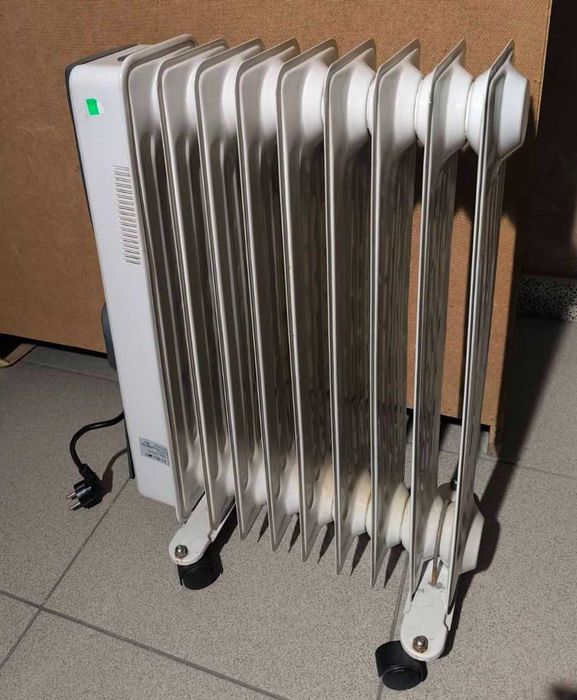 Масляний обігрівач 2000 Ват з таймером вмикання та вимикання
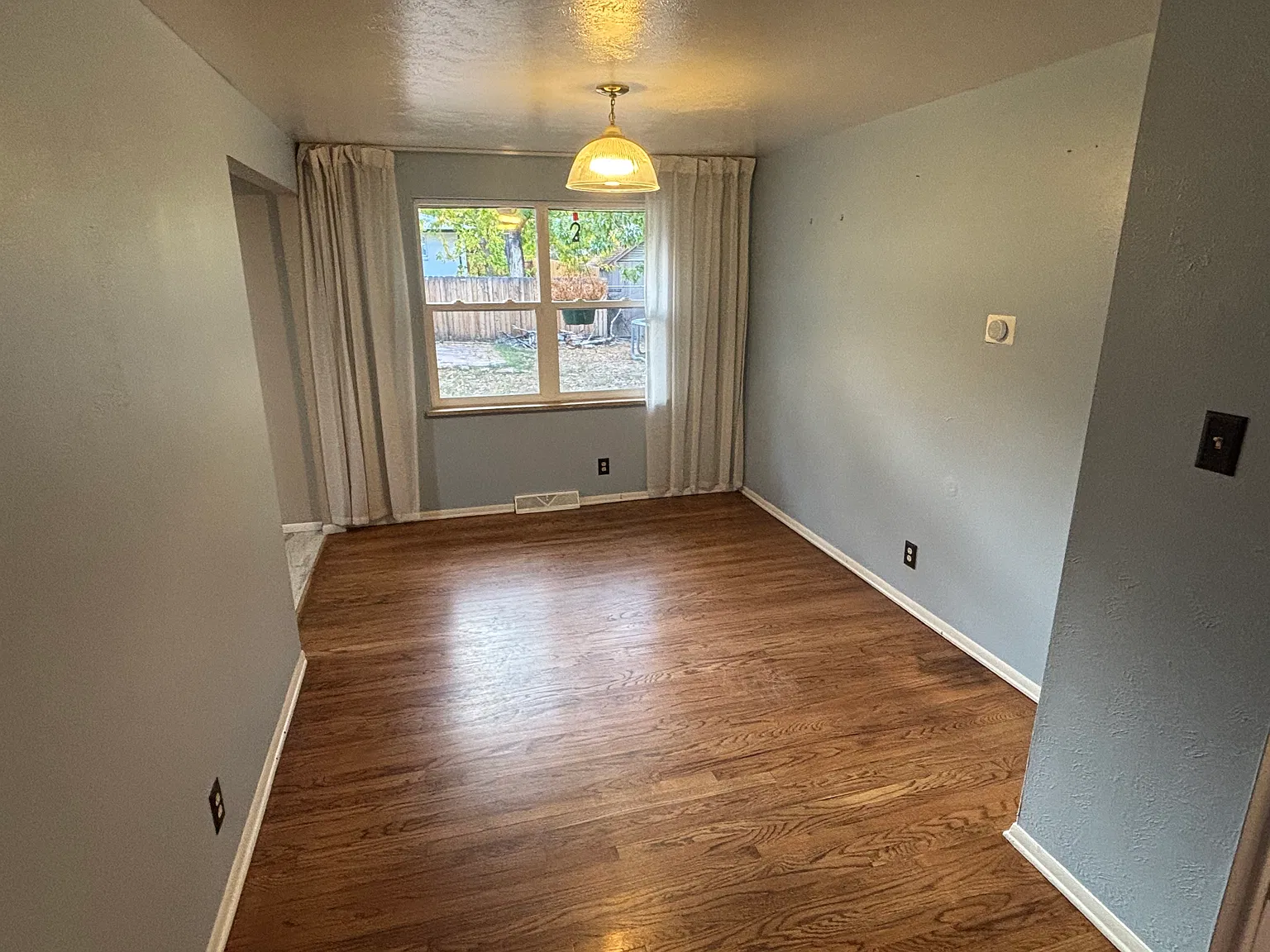 4 bed, 1026 sqft, $3,000 — Photo 4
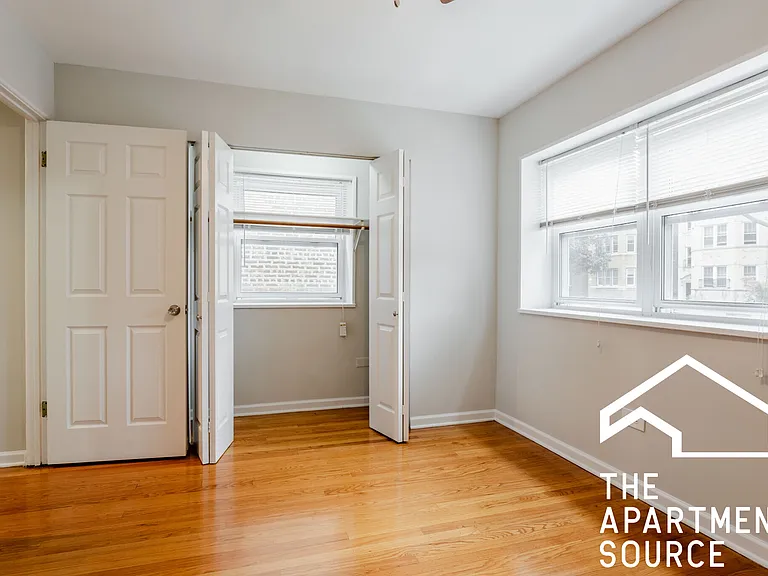 6535 N Mozart St #1F — Photo 6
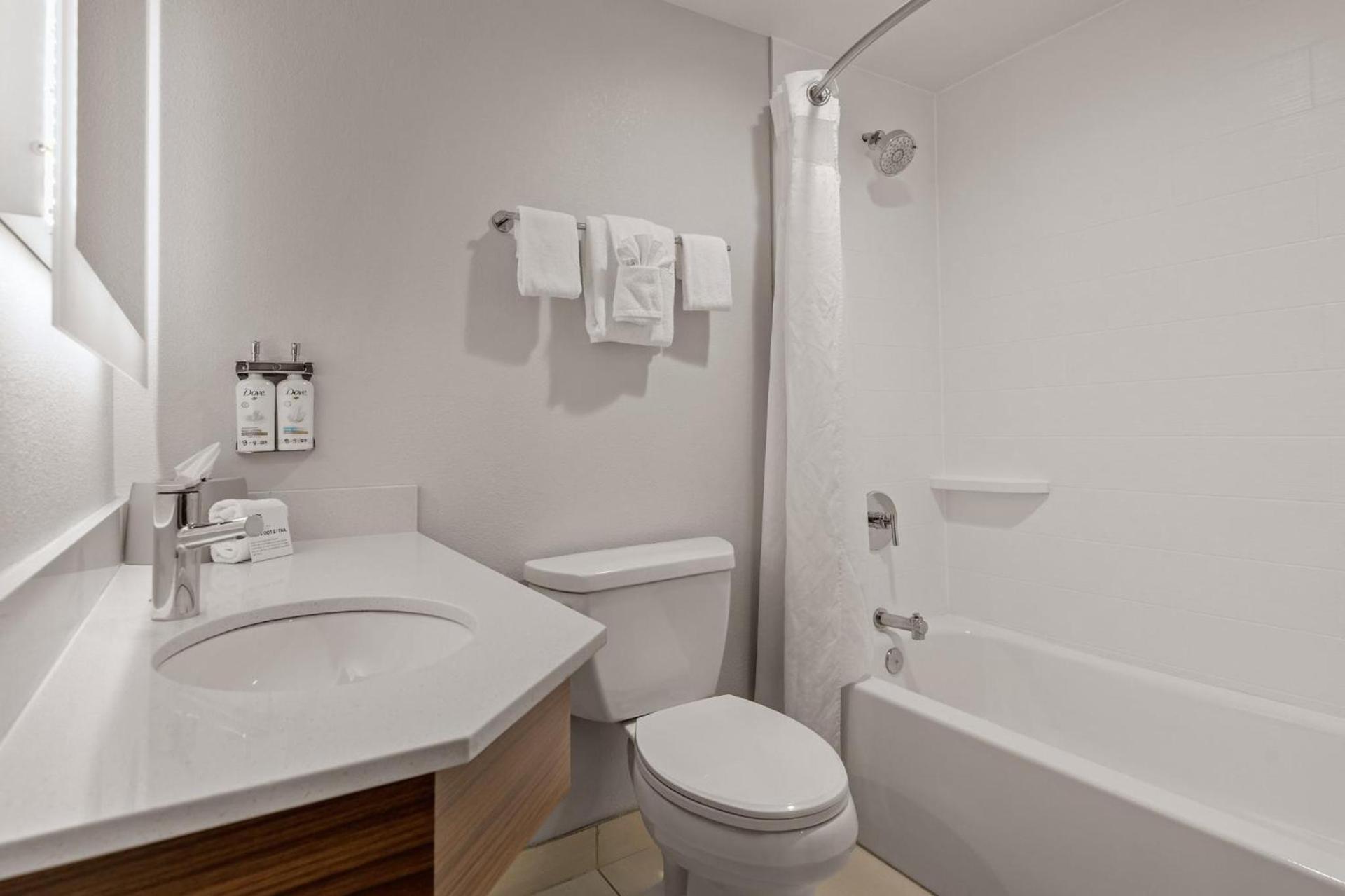 Holiday Inn Express Hershey-Harrisburg Area by IHG photo 40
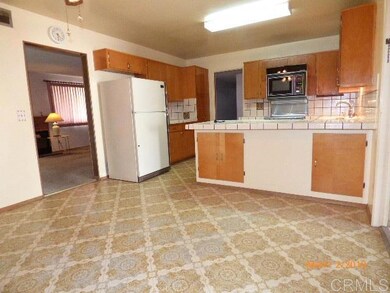 954 Myra Ave, Chula Vista, CA 91911 - photo 4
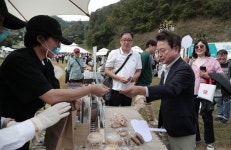 [포토] 춘천 비도심 축제 , 숲속빵 시장 & 감자 페스타 성황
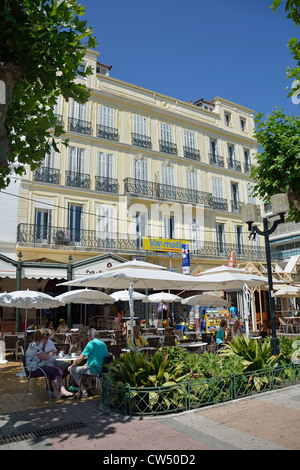 Excelsior restaurant sur la Promenade René Coty, Saint-Raphaël, Côte d'Azur, Var, Provence-Alpes-Côte d'Azur, France Banque D'Images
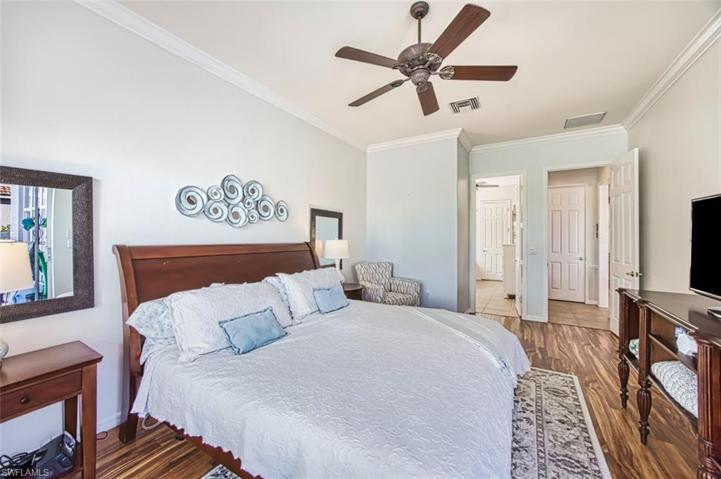 Private Entrance to Master Bath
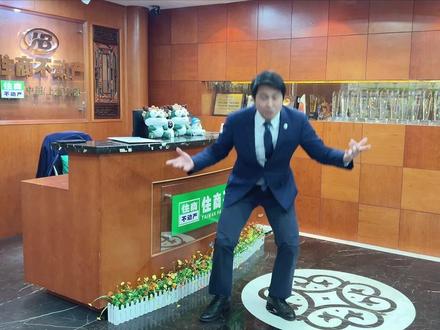 AI玩法 把屏幕踩下去教程? #创意开场 #短视频营销 #特效剪辑 #ai数字人 #ai视频创作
━━━━━━━━━━━━━━━━━━━━━━━━━━━━━━
- EXERCISE GOAL -
Give back exactly the lines from the one containing "954 Myra Ave, Chula" to the final line of the entries, both included, and no picture.

- RESPONSE BELOW -
 954 Myra Ave, Chula Vista, CA 91911 - photo 4
 [포토] 춘천 비도심 축제 , 숲속빵 시장 & 감자 페스타 성황
 Excelsior restaurant sur la Promenade René Coty, Saint-Raphaël, Côte d'Azur, Var, Provence-Alpes-Côte d'Azur, France Banque D'Images
 Private Entrance to Master Bath
 AI玩法 把屏幕踩下去教程? #创意开场 #短视频营销 #特效剪辑 #ai数字人 #ai视频创作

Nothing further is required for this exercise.